Colossal Order CEO champions the impact modders can have on a game's success

Hallikainen on paid mods: ‘It’s good to give people choice’

Mariina Hallikainen, CEO of Cities: Skylines dev Colossal Order, believes the industry needs to not only embrace mods but also find a way to enable modders to charge for their content.

Speaking to Develop at last month’s Unite Europe, the studio boss said user-created content has been instrumental in the success of Cities: Skylines.

"For us, it’s important and inspiring to see people creating their own thing with our game, and I think that’s something that can bring more people to your game," she told Develop. "If you think about visibility, people sharing their creations and talking about the game is extremely valuable.
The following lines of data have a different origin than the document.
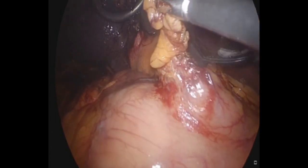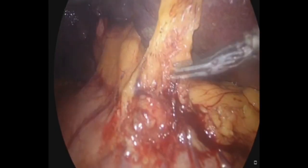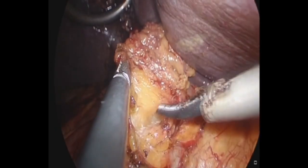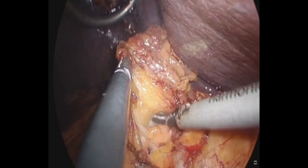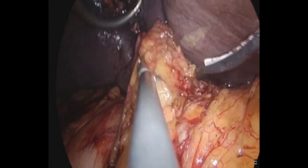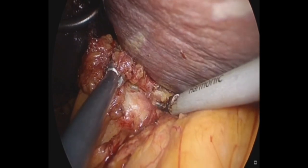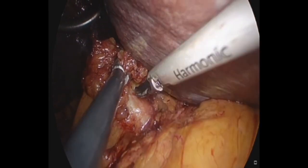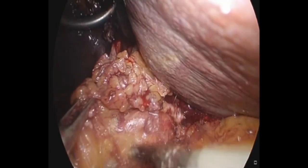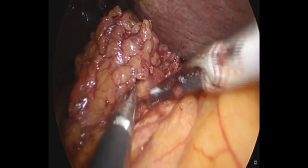The first step is taking care of all the fibro-fatty tissue in the hepatoduodenal ligament. The second step is wedge resection of the liver two centimeters all around the gallbladder fossa. In step one, we use the Harmonic 1000i HD.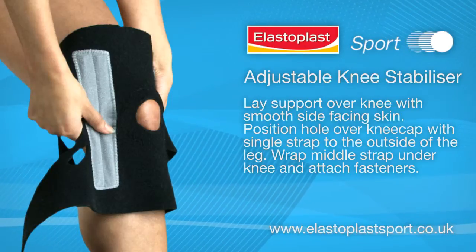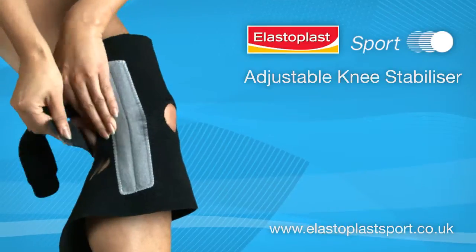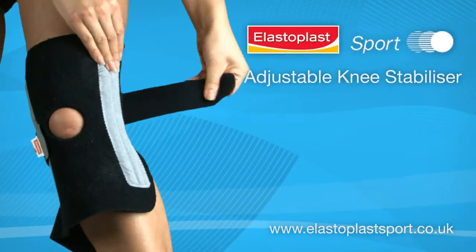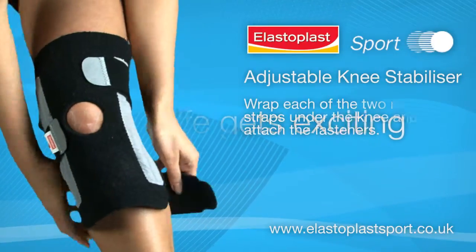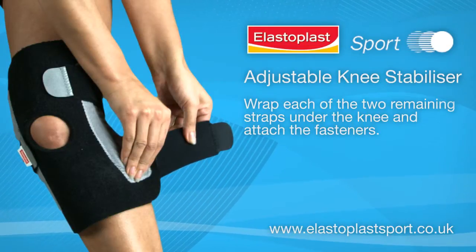Wrap the middle strap under the knee and attach the fasteners. Then wrap each of the two remaining straps under the knee and attach the fasteners.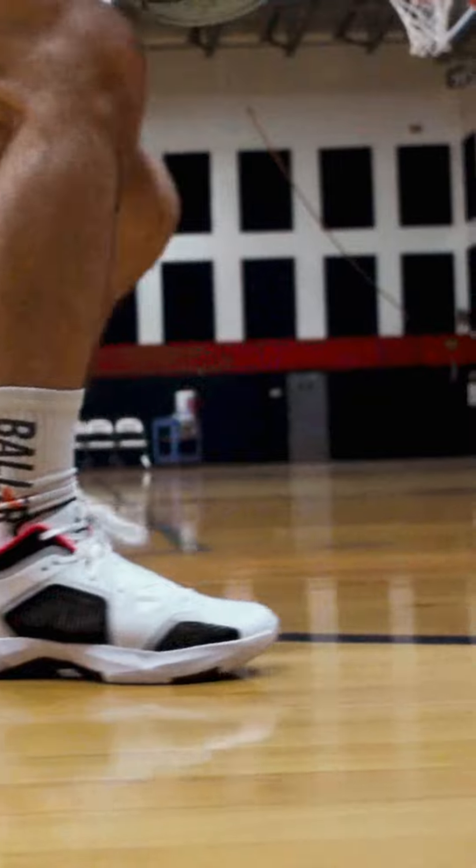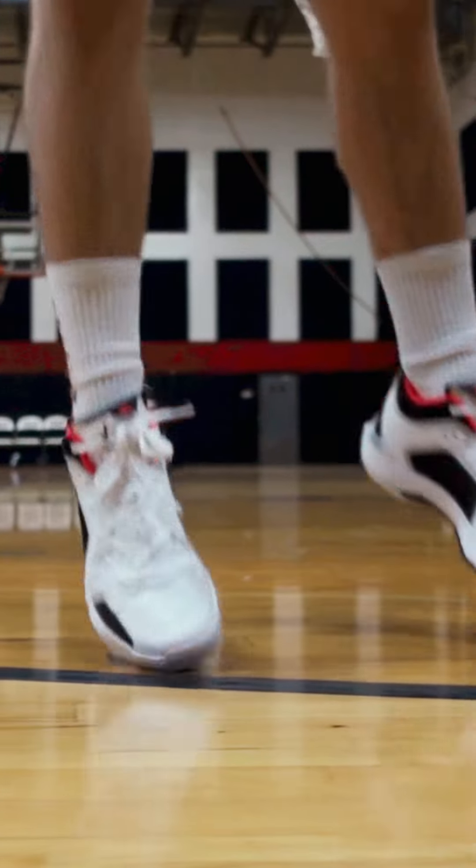Whenever you look at the support, that's a spot that a lot of flak came in on the original Jordan 37s. The upper is just very thin and you're asking that weave material to do a lot there. From the Jordan 37 Low, it feels like you got a little bit more of an overlay running on top that the laces feed through. Support does seem to be better on the low, so I do lean that way.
A lot of the press around Cities: Skylines has been about the mods."

Hallikainen explained that of the team’s two programmers, one spent a full year working on the modding tools – more than half the game’s year-and-a-half development time.
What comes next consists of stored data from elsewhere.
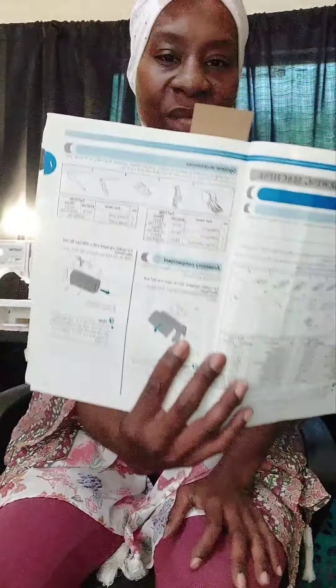The operations, needle, and presser foot section is your next page - we are on page nine. I'm going to make a lot of short videos going over all the steps. I believe the first thing we're going to go through is the accessories compartment, and I'm going to go through this entire manual.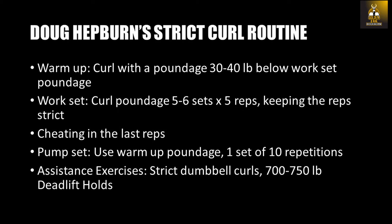The routine that Doug used to break the 200 pound strict curl mark involved a high weight, low repetition principle, performing the curl in the strictest way possible. He first performed warm-up curls with a poundage of 30 to 40 pounds below his work set poundage. As an example, if his work set poundage was 190 pounds, he would select 150 to 160 pounds and perform five repetitions as a warm-up. Following the warm-up, he performed several sets with his work set poundage of 190 pounds for five repetitions, keeping the reps strict.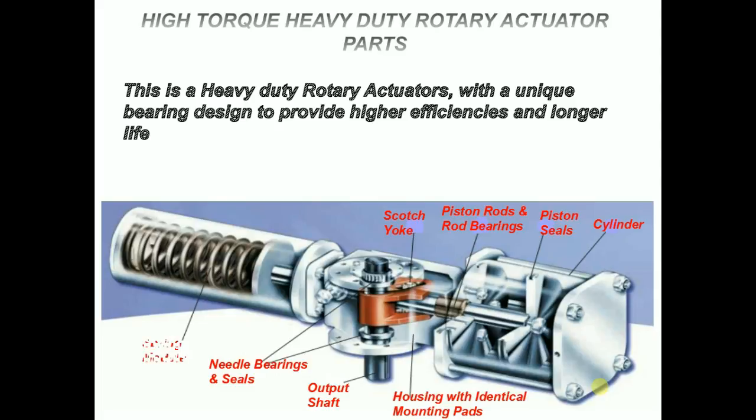Spring module: the spring module is an easily removable, welded cartridge.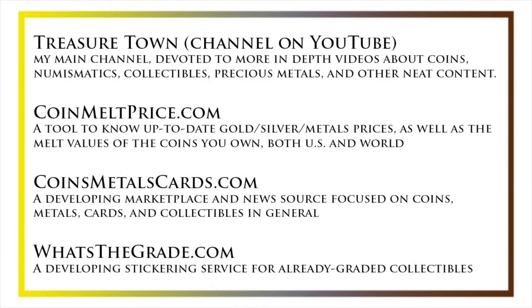I'd also like to draw your attention to some other helpful coin resources, such as my other YouTube channel, Treasure Town, which does more in-depth videos about coins and collectibles, as well as coinmeltprice.com, which shows up-to-date precious metals and melt values of coins you own; coinsmetalscards.com, which will be both a marketplace and a news source for coins, metals, and cards; and whatsthegrade.com, which will develop into a stickering service for already-graded collectibles. Have a great day, and I hope to see you on some of our other videos.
"If we didn’t have the modding tools, we could have made a much bigger, more polished game," she says. "But we made the decision to actually have the modding tools done at the same time so that at launch people could start creating their own thing.

"We can now focus on those big features, while the modders can do a lot of cool stuff that we have never thought of, like an in-game flight simulator for the planes. Somebody even imported helicopters into the game, and now there’s a simulator for those too."
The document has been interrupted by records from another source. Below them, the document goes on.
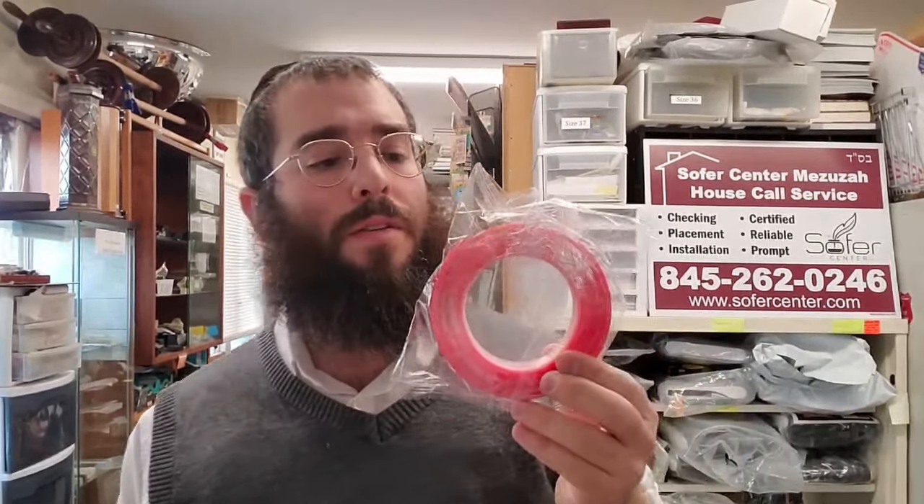If it's outside and you're using double-sided tape, I find that if it's in a place where it gets wet, what will happen is the weather and rain will actually dissolve the tape and the mezuzah will fall down. So if you're going to use tape on the outside, there is a special tape — I'll show you right now — it's more expensive but it's waterproof, so if it gets rained on the mezuzah won't fall down.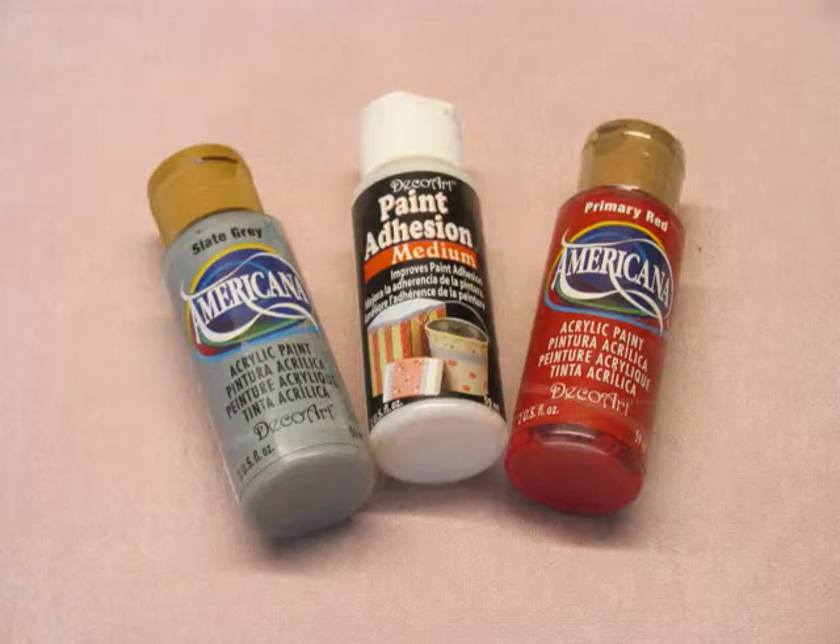Supplies used: DecoArt Americana acrylic paints — Slate Grey DA068 and Primary Red DA199. DecoArt Paint Adhesion Medium DS39. A floor puzzle piece, bought second hand at a car boot sale. A palette knife or wooden coffee stirrer. An art or sea sponge and palette paper.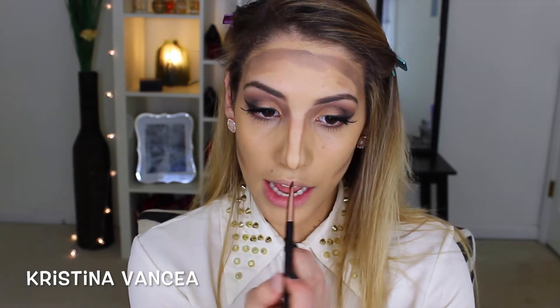To contour my nose, I'm going to use a brush — this flat definer brush from Sigma, the E15. I'm going to dip it into these two colors as well. I like to bring this up to my eyebrow because it looks more natural than bringing it into the eye socket. That's just a personal preference — everybody does it differently. And yes, this is very dramatic. This is not an everyday thing. This is definitely something I like to do on my brides and for special events. It definitely is tedious, but once you get the hang of it, it's nothing.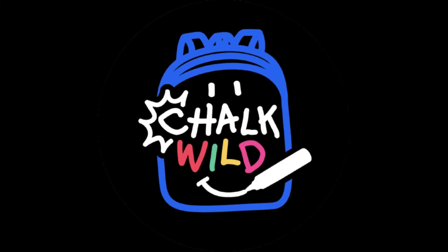Monsters! Hey everybody, welcome back to Chalk Wild. I'm Michael and we're going to be learning how to draw monsters today. Now monsters come in all shapes and sizes and today we're going to be using geometric shapes and turning them into monsters.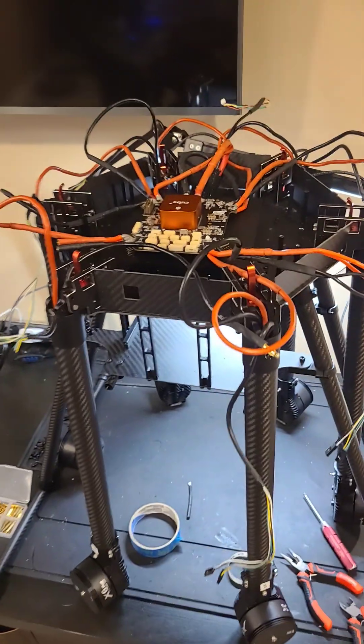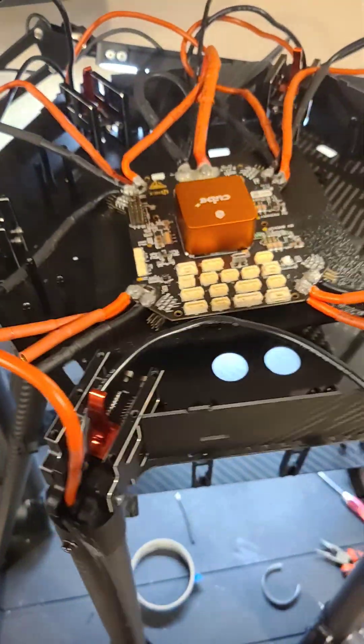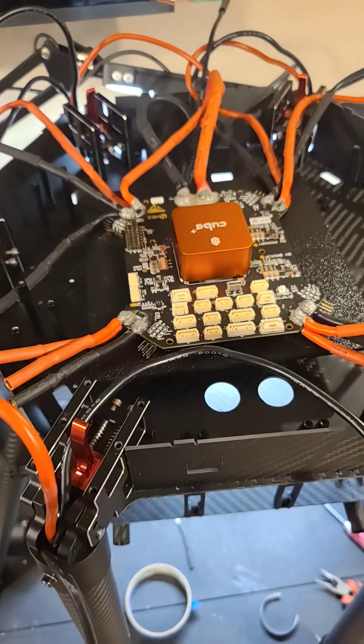I've got a tangled mess of wires here to figure out how to mount all this. The drone frame is up on my desk and now I need to mount the core carrier board and Cube Orange, get all the power run to it from the battery, and then all the leads to the motors run.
Naturally, the Colossal Order CEO kept a close eye on Valve’s recent attempt to introduce paid mods to steam with popular games like Skyrim – an initiative that was met with a lot of criticism and eventually pulled after a matter of days.

But Hallikainen says the industry mustn’t give up on the idea of paid mods.

"My personal opinion is that it’s good to give choice to people," she says. "Paid mods is something I’m looking forward to seeing in future. But what we absolutely have to do is make sure modders can’t steal each other’s content. There needs to be a way to establish ownership of that content so that it’s not easy to break copyrights.

"We also have to implement modding tools in a way that ensures mods don’t break with developer updates. So if we update the game, we risk breaking certain mods that go beyond our modding API. We have no idea what code they’ve been touching, if we touch the same code the worst case scenario is that people with that mod can’t launch the game. If you have paid for that mod, it shouldn’t break. 

"When we have figured these things out, I think it’s very cool that we’ll give people the ability to get financial gain for making mods."

Colossal Order is hoping to have a roadmap established later this year, publicly revealing the studio’s plans for the modding tools so that the community can plan ahead in terms of what they want to build.